Il n’a pas tardé à apparaître que l’affaire était cousue de fil blanc. L’exécution n’était pas destinée à sanctionner un renégat mais à entretenir la terreur parmi la population de la ville voisine de Salamiyeh, à l’est du gouvernorat de Hama, dont la population est composée d’un gros tiers d’Ismaéliens.

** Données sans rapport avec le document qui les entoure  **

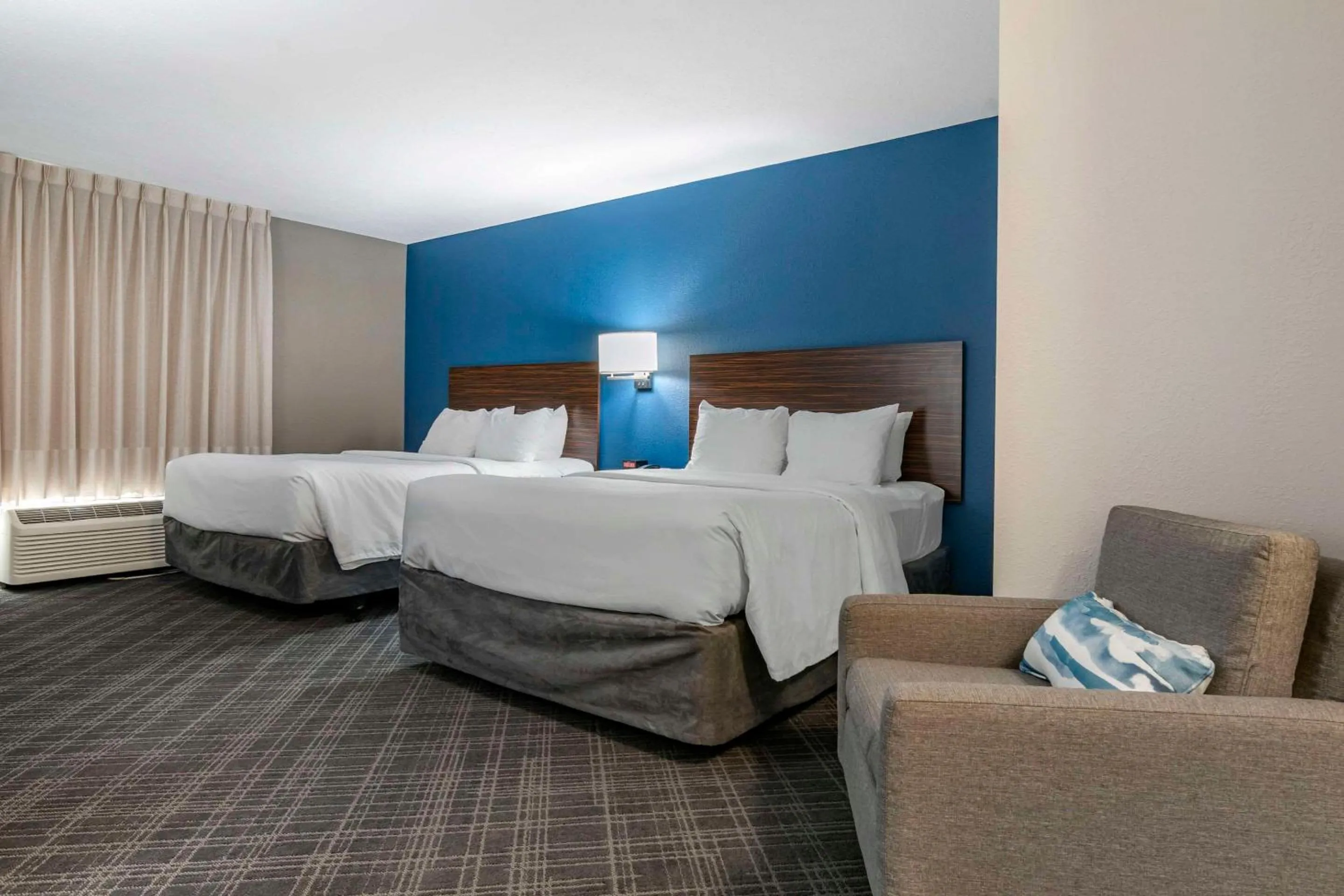 Bedroom, Bed in Comfort Inn St Louis Airport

Bientôt reconnue par des proches, la victime était en effet un membre de la communauté sunnite. Répondant au nom d’Ihsan Nayyouf, il était originaire du village d’Aqareb, lui-même situé à l’est de Salamiyeh. Il avait été enlevé avec son fils il y a environ deux mois, alors qu’il s’employait, dans le cadre de son travail, à acheminer et à distribuer le pain dans des secteurs encerclés par les forces régulières. Il déjà avait été arrêté peu de temps auparavant à un barrage, dans le village de Tall al-Tout, par des chabbiha des Forces de Défense nationale. Les deux hommes avaient été emmenés vers une destination inconnue. Leur famille n’avait jamais obtenu la moindre nouvelle sur leur sort jusqu’à l’exécution du père, qui s’était déroulée devant le local du moukhtar (chef de quartier) du village d’al-Qoulaïb.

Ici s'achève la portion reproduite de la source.